Trata-se de interpretar os olhos da amada para descobrir se eles revelam o que ela sente.
- O termo “página”, no verso 4, propõe duas reflexões: a “página”, em sentido próprio, ou denotativo, faz parte do “livro”; dentro dos olhos das pessoas, não há páginas; portanto, trata-se de conotação, ou sentido figurado. Qual? A tendência é que respondam que o poeta ama a pessoa a quem dedica os versos e quer saber se é correspondido. A página, denotativamente, pode ser lida e se revela a todas as pessoas que a lêem; a página, conotativamente – no contexto do poema –, só pode ser lida por quem conhece bem os olhos nos quais ela se esconde. Um sentido não descarta o outro, ambos se complementam.
- A segunda estrofe talvez cause estranhamento por causa da construção em que “me” equivale a “para mim”: “Flores me são teus lábios”. As crianças tampouco estão habituadas à inversão sintática. Convém, então, apresentá-la como um recurso que favorece o ritmo, frequente na nossa poesia até o início do século XX. Vale recuperar a ordem direta, para efeito didático de compreensão do verso, que equivale a: “Teus lábios são flores para mim”.

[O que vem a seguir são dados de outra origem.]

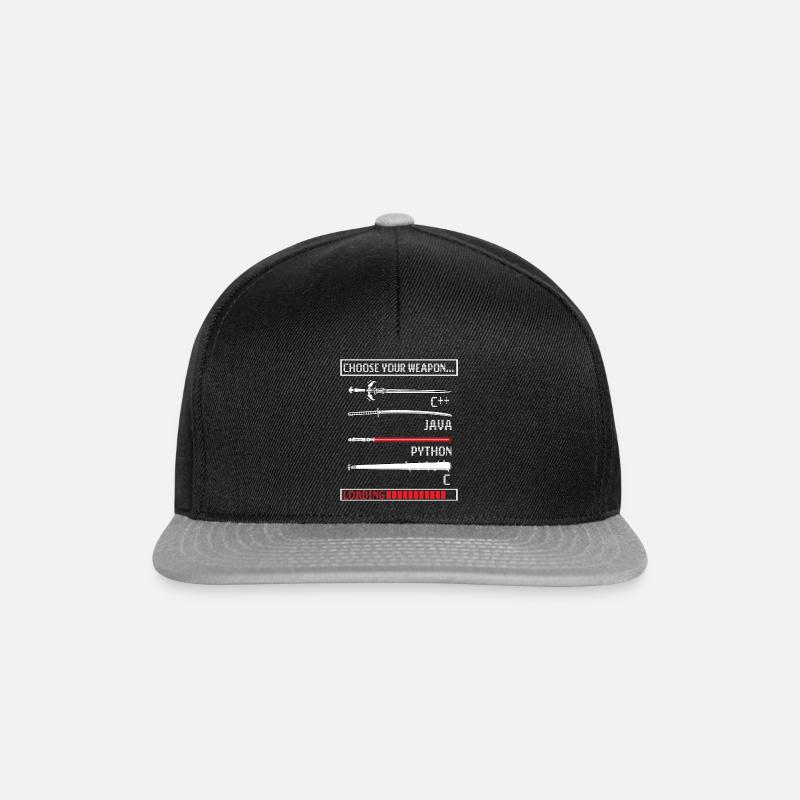 Programmører Gave Java C Programmering - Snapback Cap - sort/grå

- Segue-se a pergunta dos três versos finais:
Onde há mais bela flor,
Em que melhor se beba
O bálsamo do amor?
- Nesse trecho, são aproximados “lábios” e “flor”. O mesmo raciocínio sobre sentido próprio, ou denotação, e sobre sentido figurado, ou conotação, pode se aplicar aqui. Por que seria possível “beber” nos lábios da pessoa amada o “bálsamo” do amor? Mais uma vez há um jogo de superposição de sentidos. “Beber”, no sentido denotativo, soma-se a “beber” no sentido conotativo, indicando absorver, recolher. O termo “lábios” remete a palavras e a beijos. De ambos viria o “bálsamo”, o remédio para a dor de amor do poeta.
Livros e flores
Teus olhos são meus livros.
Que livro há aí melhor,
Em que melhor se leia
A página do amor?
Flores me são teus lábios.
Onde há mais bela flor,
Em que melhor se beba
O bálsamo do amor?
Machado de Assis. Obra completa III. Rio de Janeiro: Aguilar, 1962.